Tuesday 23 September 2014

Review: House of Exile: War, Love and Literature, from Berlin to Los Angeles by Evelyn Juers

House of Exile is a work of creative non-fiction. It is a biography of a group of European intellectuals and those close to them, and of the devastating psychological impact for them of the rise of Nazism, the outbreak of war and enforced exile. Although non fiction, it is written in the style of a novel, and Juers frequently focuses on the thoughts and feelings of her characters. It should be said she is not totally imagining these - as most of the people portrayed here were writers, there are extensive records such as diaries and letters for her to draw on.

The story centres on Heinrich Mann and his lover, later his second wife, Nelly Kroeger, and on his more famous younger brother Thomas Mann. The many other writers whose lives are discussed in the pages include Bertolt Brecht and Virginia Woolf.

For me, Nelly's story is particularly memorable, and it was clearly a central concern of the author. She was 27 years younger than her husband and had spent a lot of her life in Berlin working as a barmaid, and has gone down in history as something of a bimbo. Perhaps it is significant that this portrait of her came from the letters of her brother in law Thomas Mann, who looked down on her.

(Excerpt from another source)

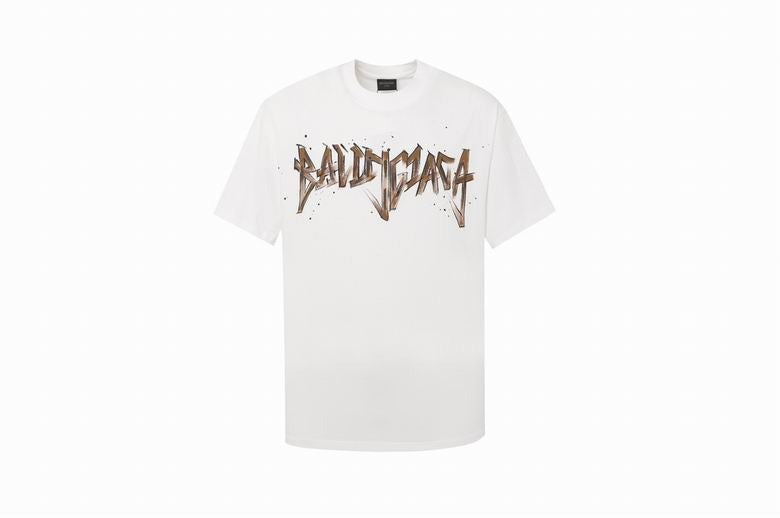 Balenciaga taglia 1-4 xbt1106
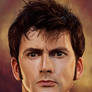 12 Tennant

In fact, she was the daughter of a fisherman, from a much more working class background than Heinrich, and had had the basic education available to a woman of her class. I really enjoyed learning about what this bookworm of nearly 100 years ago liked to read - she had quite a few books and would read in cafes before work, jotting down notes as she read. Intriguingly, her favourite books included Anna Karenina, Madame Bovary and Hedda Gabler, all by men about women. Juers describes the first meeting of Heinrich Mann and his future wife - she was reading in a café. This scene and many others in the book could come from a novel, but although Juers avoids interrupting her narrative with the footnotes/endnotes of a conventional biography, most of these story scenes draw on real correspondence and diaries.

Nelly also wrote down her own life story, but unfortunately for us after he read it Heinrich destroyed it and then used a lot of her work as a basis for a novel of his own. Juers is kinder to him about this than I felt reading about it.

The quality of the writing and the stories of how the subjects grew up and of the events in their lives make it all the sadder that most of them never really adjusted to new lives in exile, and many committed suicide in the 1930s and during the war.

This volume lacks some of the features that many biographies now come with. There are no photographs or pictures (most biographies now have at least one section of photographic plates). The author's Note on Sources runs to 11 pages detailing books and archives consulted but the book doesn't contain footnotes/endnotes or an index.

House of Exile is a challenging but memorable read and a fascinating approach to biography, and highly recommended.

My review copy was received through the Amazon Vine programme and this review first appeared there.